Monday, 19 October 2020

Monday 19th October 2020

10:00 A day to start thinking about putting the garden to bed for the winter. The patio table has to be covered up and the chairs stacked up against the wall. Sob sob1

We continue by putting the greenhouse to bed, gathering up all the tomatoes that haven't gone red yet. We bring them into the house and put them on the south-facing front windowsill to try and tempt them to redden up a bit.

we put the reluctant tomatoes on a sunny windowsill to tempt them to redden up a bit

How cute the "baby" tomatoes look (see the left hand dish)! I think it's time to try talking to them when we're in there having our meals, or at least to "include" them in the conversation. Or should we try to persuade them to "join the conversation", as people say nowadays? This is essentially what Prince Charles told us to do decades ago. He was so ahead of his time! Come back, Charles, all is forgiven haha!!!

A lot of people talk to their pets, no doubt about that. But how many bother to smile or look pleasant to them? We both miss talking to Minx, the cat we took over when our daughter Alison moved to Denmark in 2012. Sadly Minx died a couple of years ago.

Lois says that a recent study found that dogs show no more excitement on being shown pictures of their owners' faces than when being shown the back of their heads. According to the Journal of Neuroscience, the canine brain relies far more on the sense of smell, and sound.

But cats, by contrast, do respond to a human smile, although not the usual kind of smile: what they like is the so-called "Duchenne smile" - which entails the skin round the eyes crumpling up into little "crow's feet" (the little lines you get round there), simultaneously with a slow blinking of the eyes. 

It takes a bit of practice, though. Lois says she has been trying it out on me apparently over the last few days, she says, since she read an article about it. That's a relief to know - I was getting a bit worried, no doubt about that!

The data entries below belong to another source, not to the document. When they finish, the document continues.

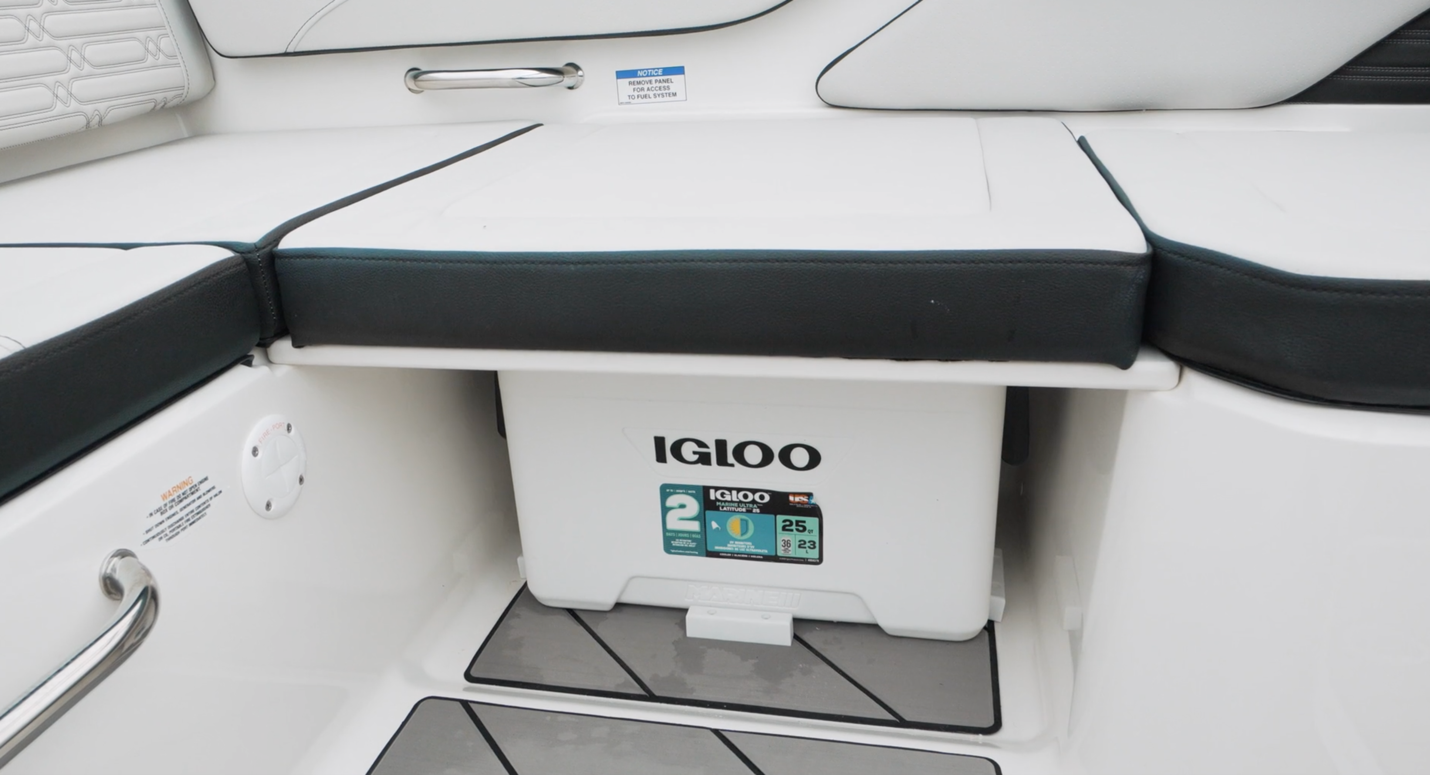 Sea Ray 210 SPX OB storage under a port side seat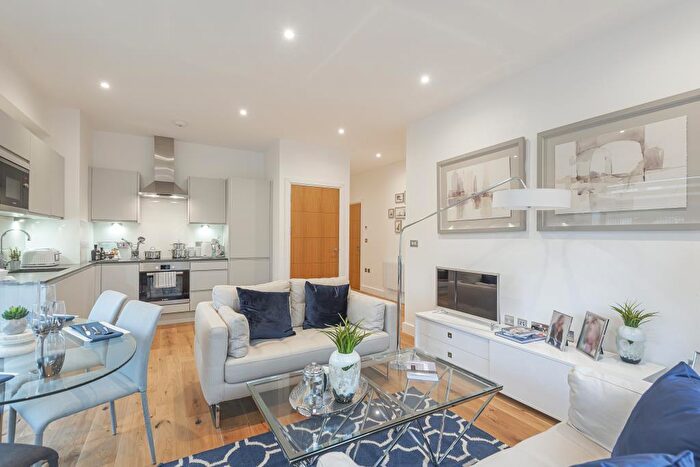 2 Bedroom Apartment To Rent In Henley-On-Thames, Oxfordshire, RG9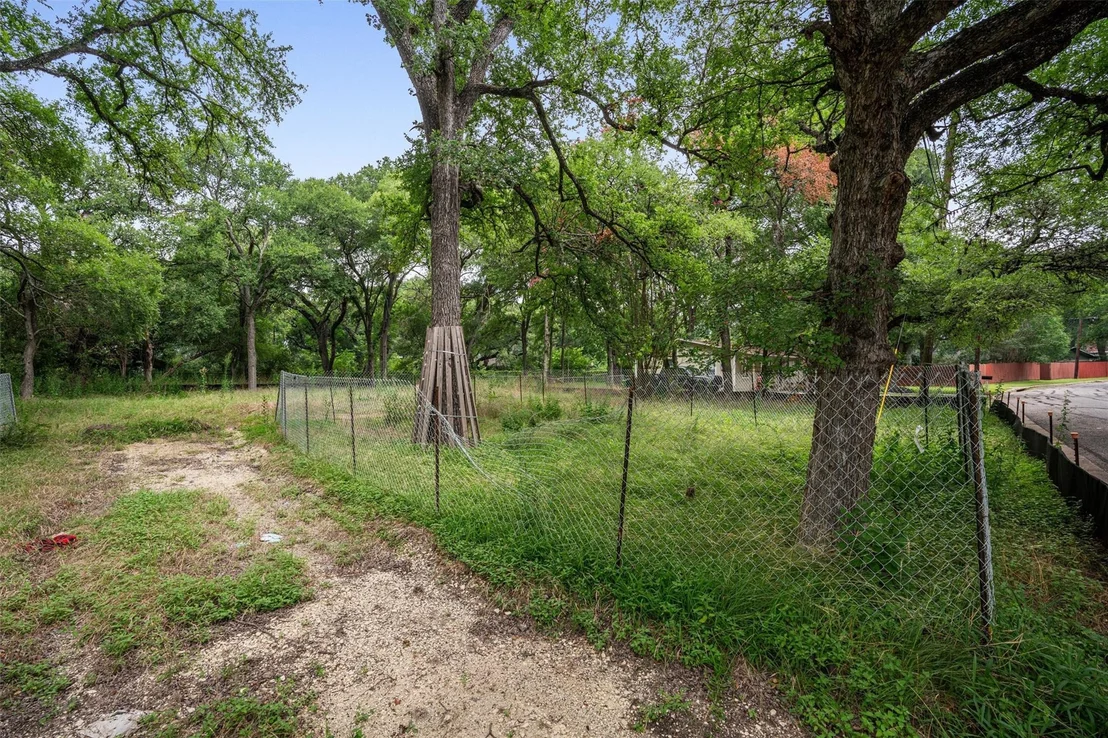 Photo of 3942 Leslie Ave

Lois says that if you do a "Duchenne smile" to a cat, it's much more likely to blink back at you, or to approach, and sniff, the outstretched hand of a stranger. For my part I must try and practise that, but not the sniffing strangers bit, that would be a bit weird.

19:30 Lois disappears into the dining-room to take part in her sect's weekly Bible Seminar. She emerges at 9 pm and we watch our two favourite TV quizzes, Only Connect. and the student quiz, University Challenge.


As usual in University Challenge we try to come up with answers that the students can't get. We're both tired so we're not expecting much, but as it turns out we get 7 of these answers, which is as good as it gets - hurrah! 

As often we score particularly well when it comes to the geography of the UK. We always say young people today don't learn about this at school, and for the rest of their lives they rely on satnavs to find their way about, whereas Lois and I used to pore over maps before we made a journey and listed the roads we were going to take etc - what madness it seems now !!!!!

All the previous episodes in this series were recorded pre-pandemic, but in tonight's contest between 2 of the highest-scoring losers in the first round, we see pandemic precautions for the first time - perspex screens between the team members - yikes!

1.     The name of what element in the actinide series is named indirectly after a Greek god whose name means 'the wealthy one', and directly after a large member of the Kuiper belt?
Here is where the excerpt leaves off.